── Material provided
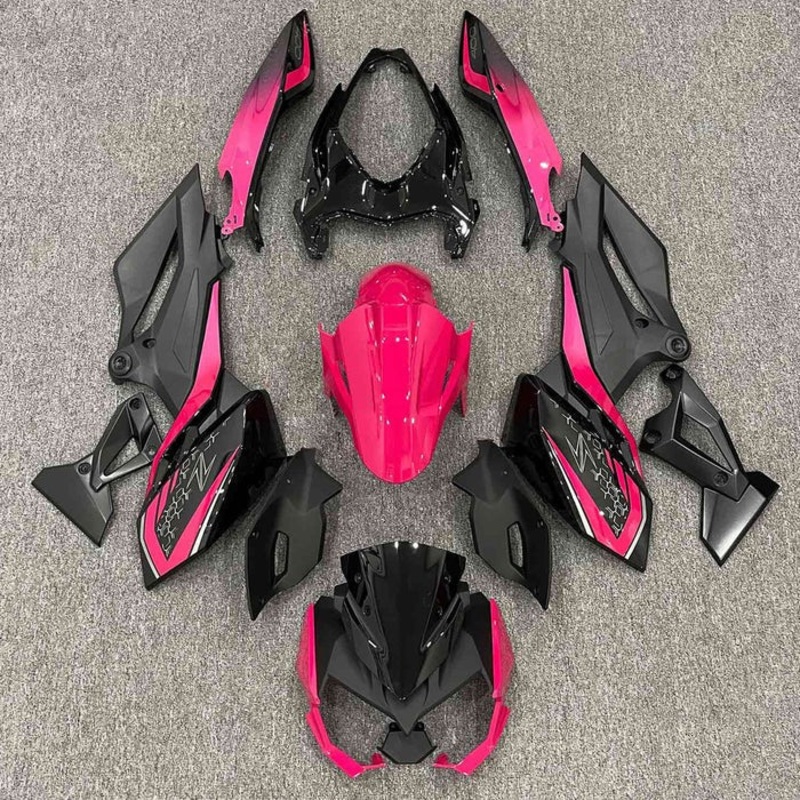 Kawasaki Z400 Fairings (2018-2024) Pink, Black No Seat Cowl No Bolt Kit No Tank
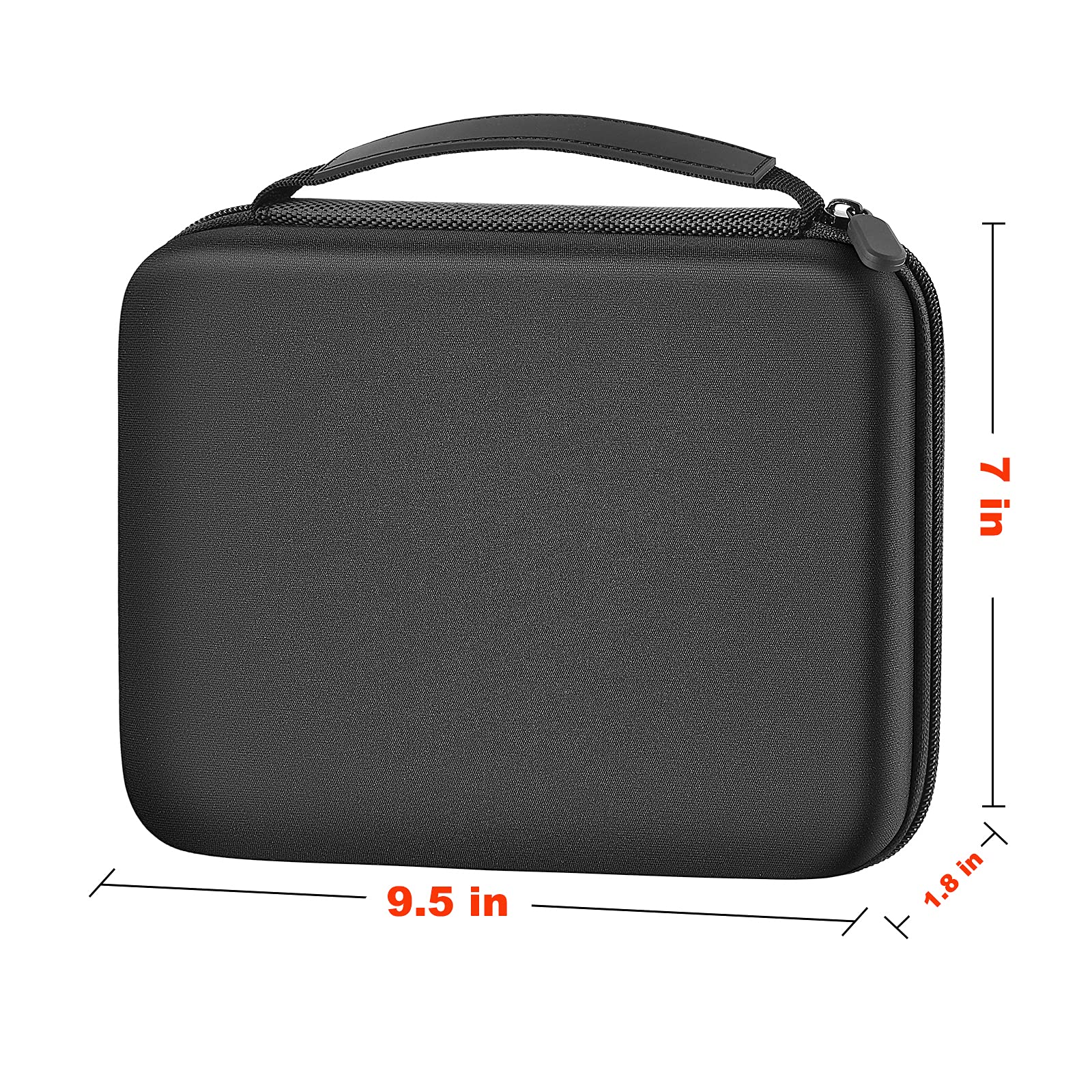 GWCASE Book Light Case for Glocusent/Vekkia/LITOM LED Neck Light - Black, EVA Material, USB Cable Storage Holder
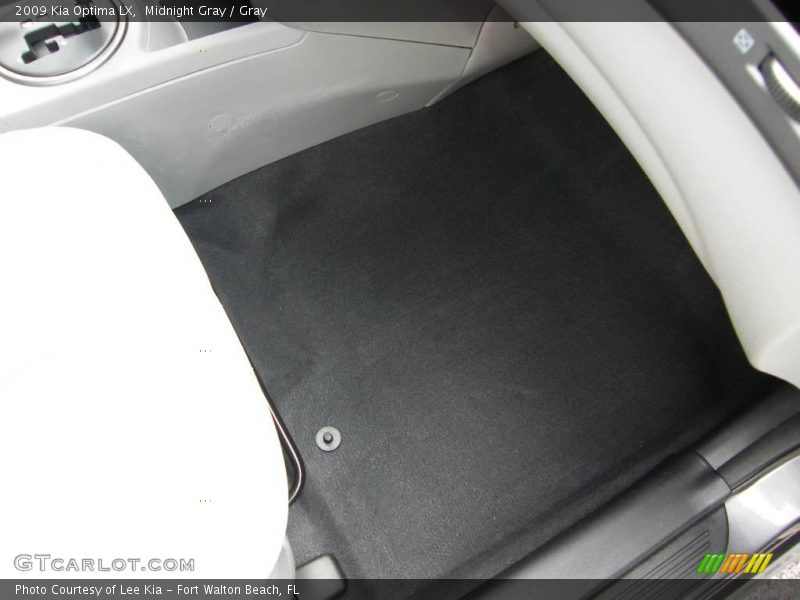 Midnight Gray / Gray 2009 Kia Optima LX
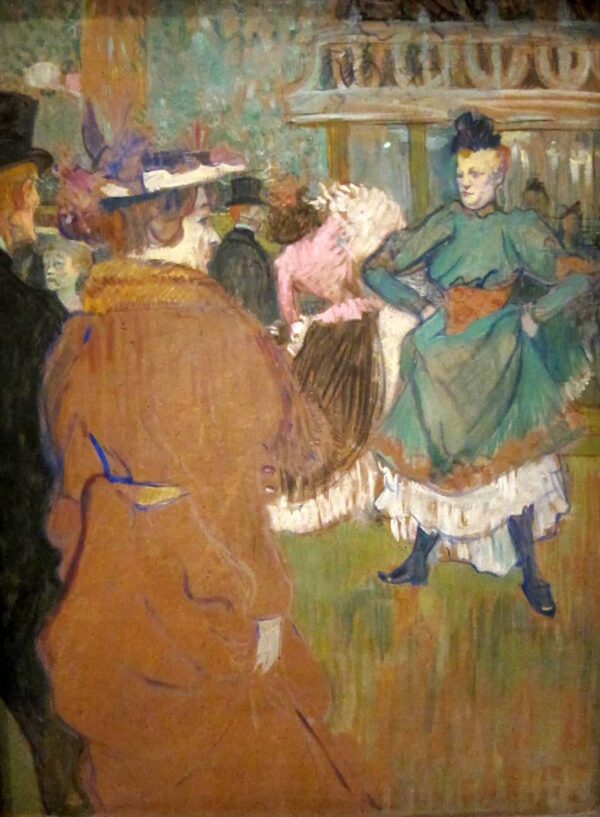 Quadrille nel Moulin Rouge – Toulouse Lautrec Henri de Toulouse-Lautrec 70x105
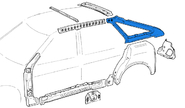 Правая панель боковины угловая (форточка с усилителем) для ВАЗ 2112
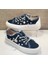 Aria 2408 Kadın Taşlı Kot Sneaker Ayakkabı Lacivert 1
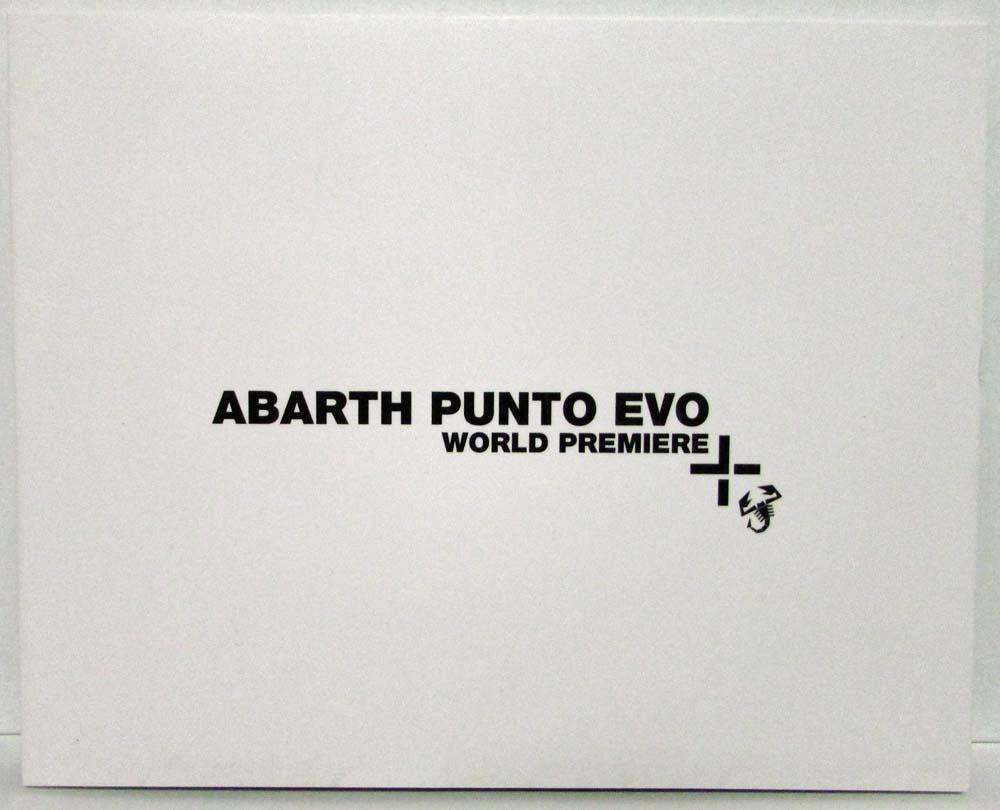 2010 Fiat Abarth Punto Evo World Premiere Picture Card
────
> _Brief_: Would you reproduce the lines above, from the very first through the line containing "Quadrille nel Moulin", exactly and without the pictures?

> _Reply to the exercise_:
 Kawasaki Z400 Fairings (2018-2024) Pink, Black No Seat Cowl No Bolt Kit No Tank
 GWCASE Book Light Case for Glocusent/Vekkia/LITOM LED Neck Light - Black, EVA Material, USB Cable Storage Holder
 Midnight Gray / Gray 2009 Kia Optima LX
 Quadrille nel Moulin Rouge – Toulouse Lautrec Henri de Toulouse-Lautrec 70x105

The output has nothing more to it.